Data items
· · · ·

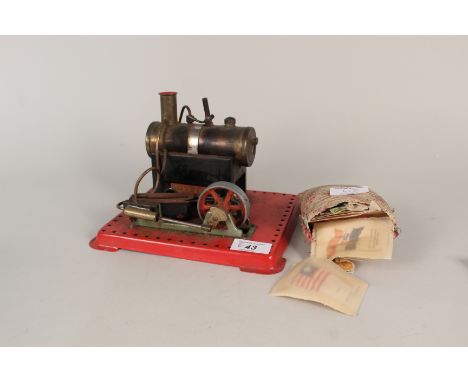 A Mamod stationary steam engine plus various cigarette card silks
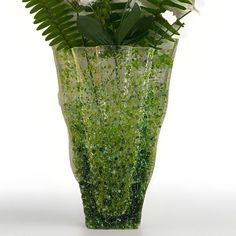 a green vase filled with flowers and greenery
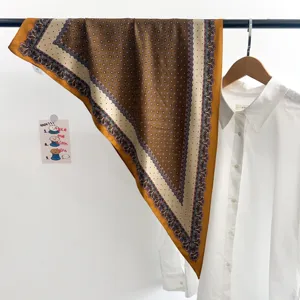 Détail macro d'un foulard en soie marron vintage suspendu sur un portant moderne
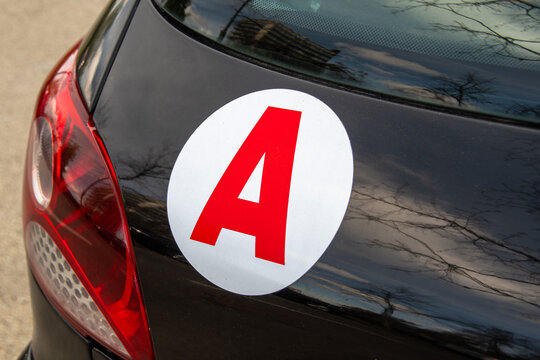 Disque autocollant "A" (pour "Apprenti") placé à l'arrière d'une voiture signalant en France que le véhicule est conduit par un jeune conducteur soumis aux règles du permis de conduire probatoire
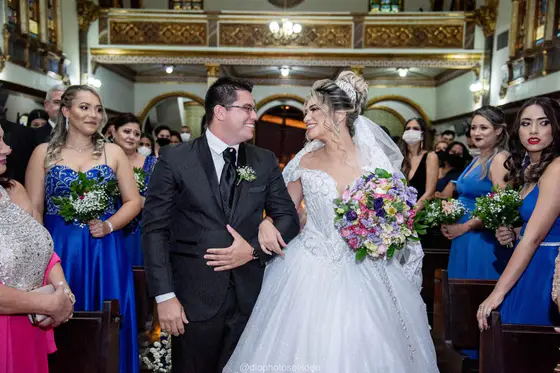 Noivos saindo da igreja de braços dados, entre os padrinhos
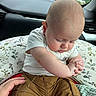 baby, infant, child, car_seat, car_interior, hand, clothing, pants, shirt, bald_head, cute, sitting, holding_hands, support, window, greenery, indoors, seat, portrait, young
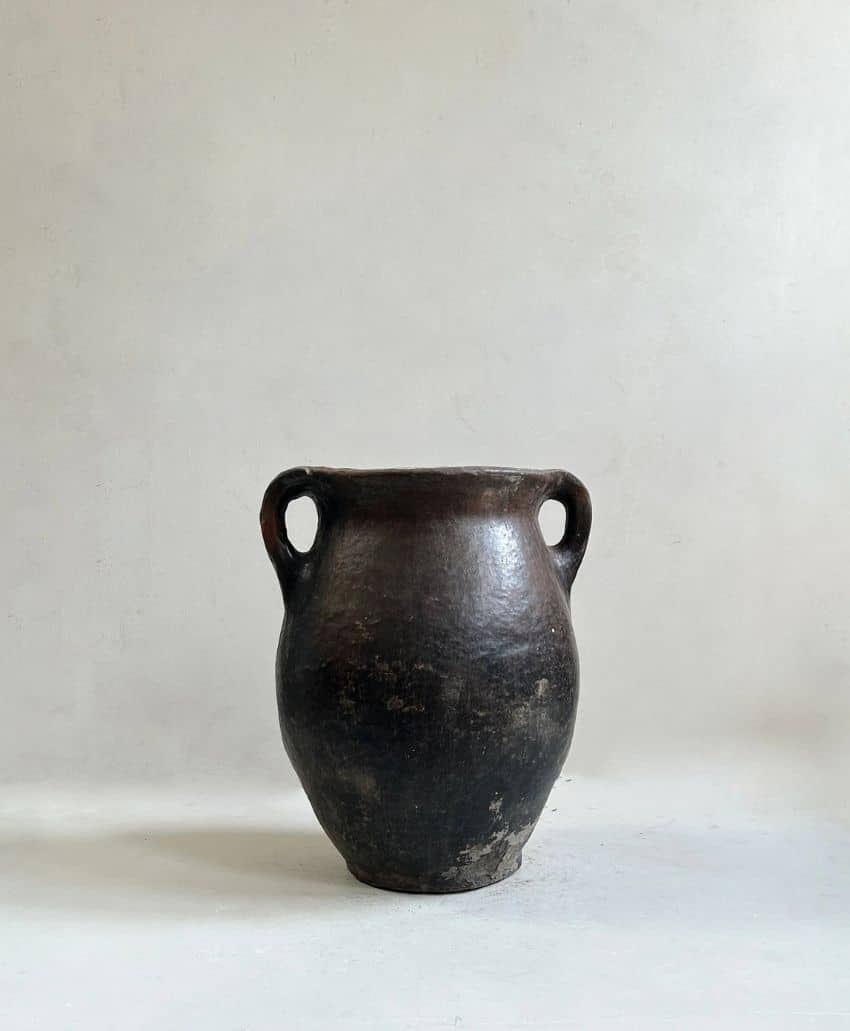 A large, dark, weathered clay pot with two rounded handles sits on a plain, light-colored surface against a neutral background.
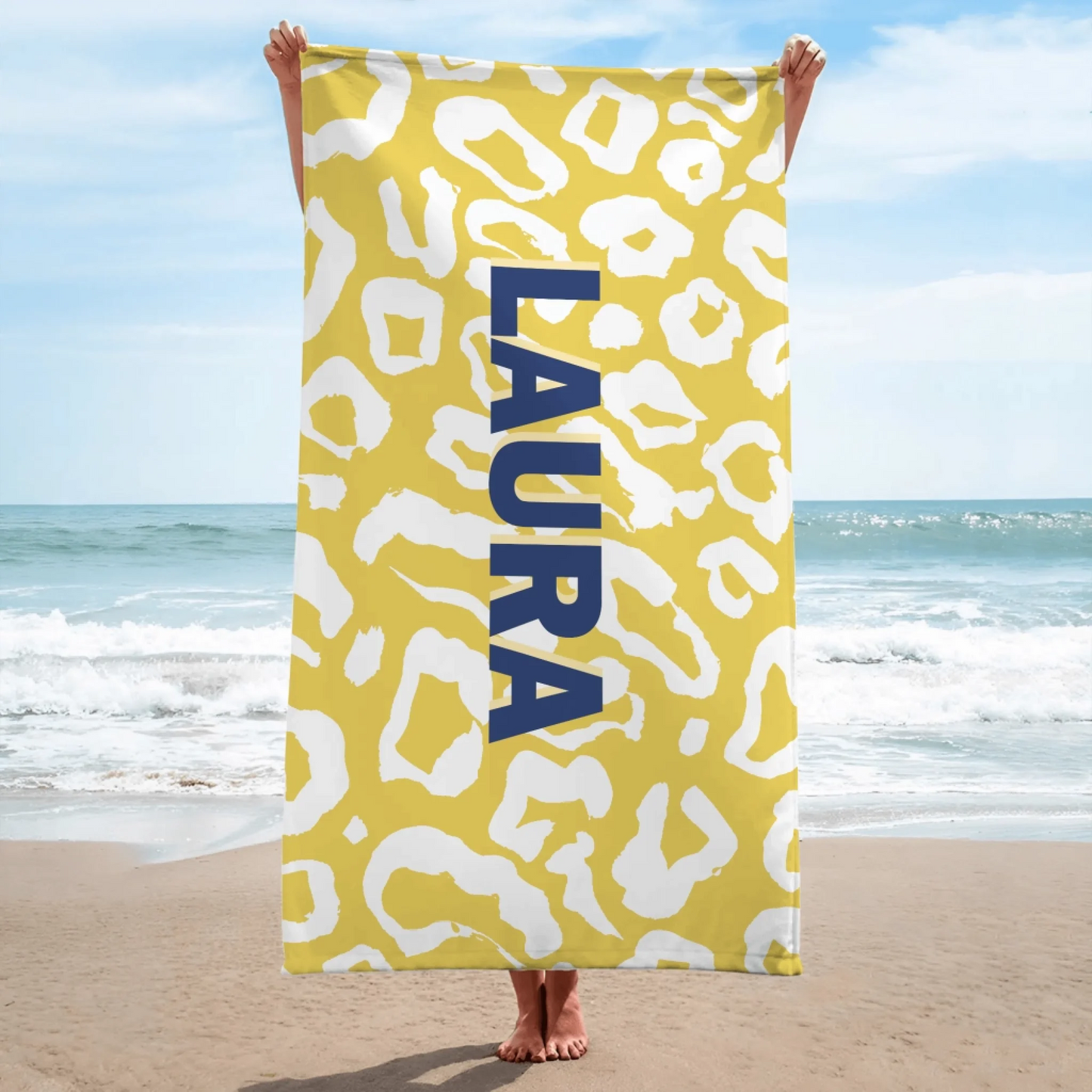 Custom yellow leopard print beach towel featuring the name Laura, a stylish personalized gift for pool parties and beach lovers.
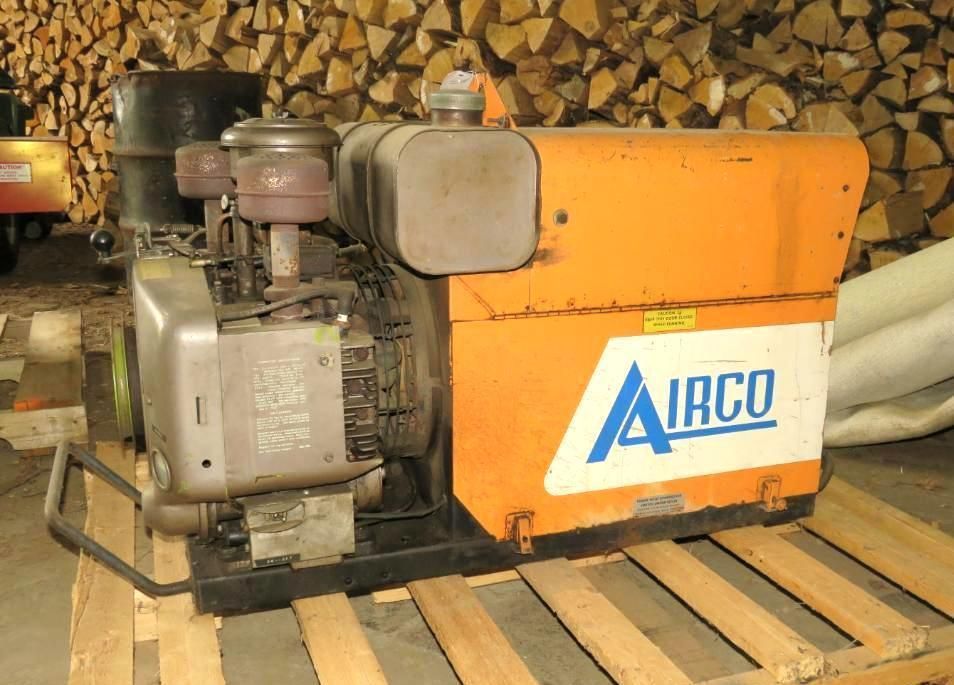 Orange and white AIRCO generator on a wooden pallet, with a woodpile background.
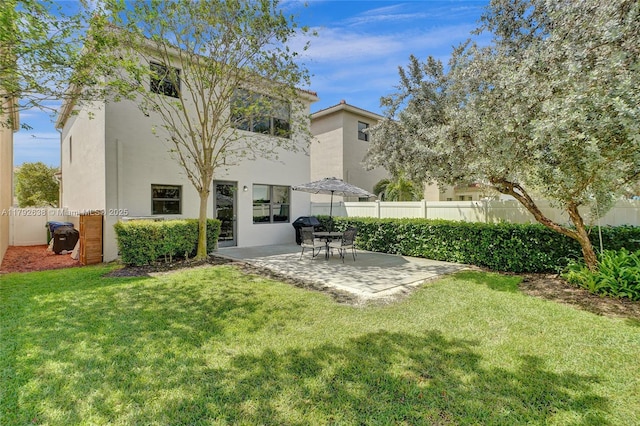 rear view of house with a yard, a patio, fence, and stucco siding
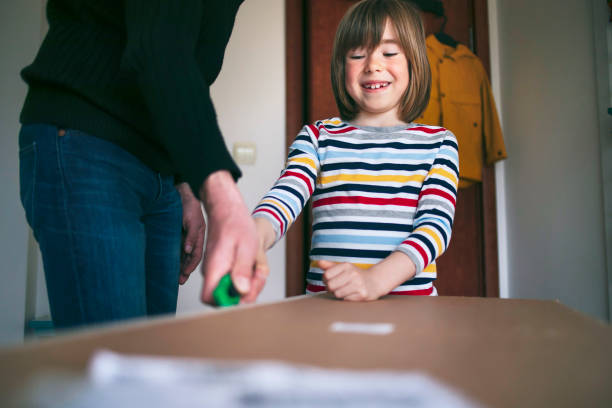istock Father and son opening delivery box at home 1804678045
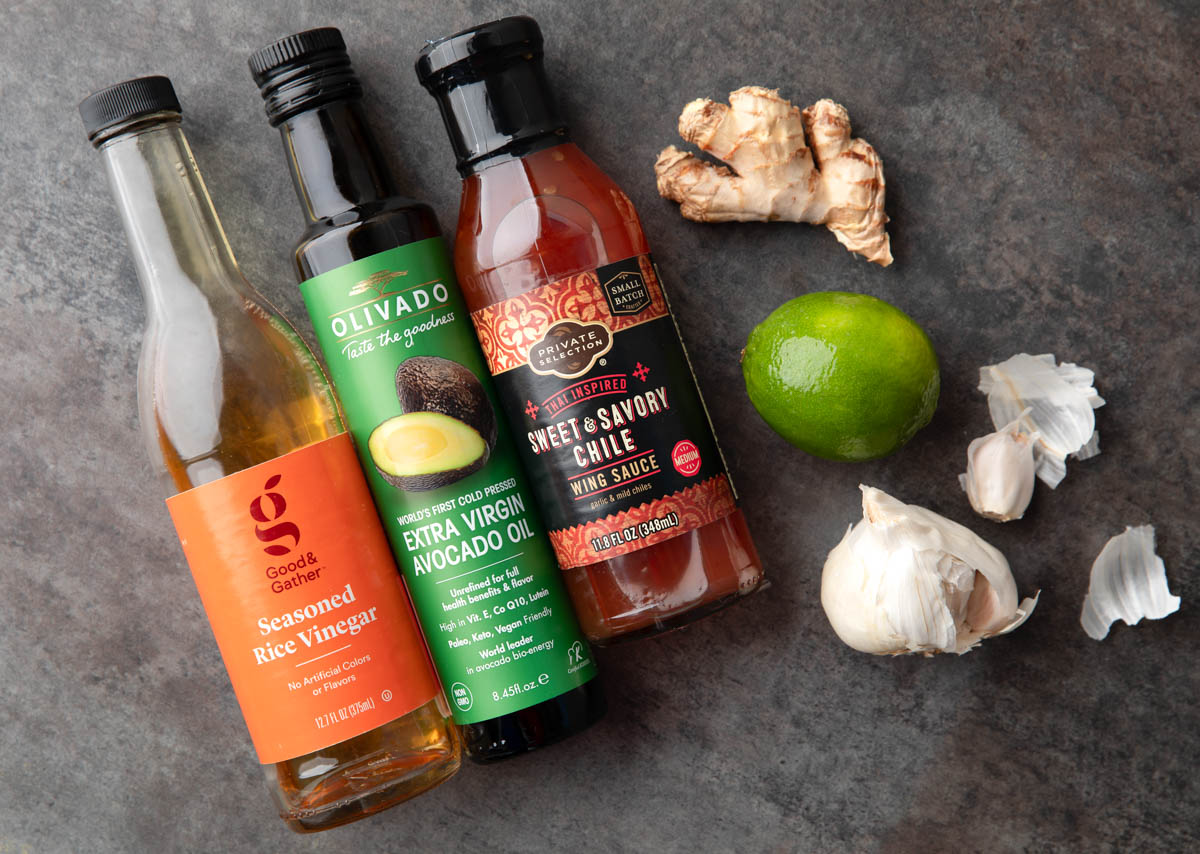 sweet chili dressing ingredients: ginger, lime, garlic, sweet chili sauce, avocado oil, and seasoned rice vinegar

· · · ·

▶ [ACTIVITY] The lines above must be transcribed exactly, with every picture left out.

▶ [SOLUTION]
 A Mamod stationary steam engine plus various cigarette card silks
 a green vase filled with flowers and greenery
 Détail macro d'un foulard en soie marron vintage suspendu sur un portant moderne
 Disque autocollant "A" (pour "Apprenti") placé à l'arrière d'une voiture signalant en France que le véhicule est conduit par un jeune conducteur soumis aux règles du permis de conduire probatoire
 Noivos saindo da igreja de braços dados, entre os padrinhos
 baby, infant, child, car_seat, car_interior, hand, clothing, pants, shirt, bald_head, cute, sitting, holding_hands, support, window, greenery, indoors, seat, portrait, young
 A large, dark, weathered clay pot with two rounded handles sits on a plain, light-colored surface against a neutral background.
 Custom yellow leopard print beach towel featuring the name Laura, a stylish personalized gift for pool parties and beach lovers.
 Orange and white AIRCO generator on a wooden pallet, with a woodpile background.
 rear view of house with a yard, a patio, fence, and stucco siding
istock Father and son opening delivery box at home 1804678045
 sweet chili dressing ingredients: ginger, lime, garlic, sweet chili sauce, avocado oil, and seasoned rice vinegar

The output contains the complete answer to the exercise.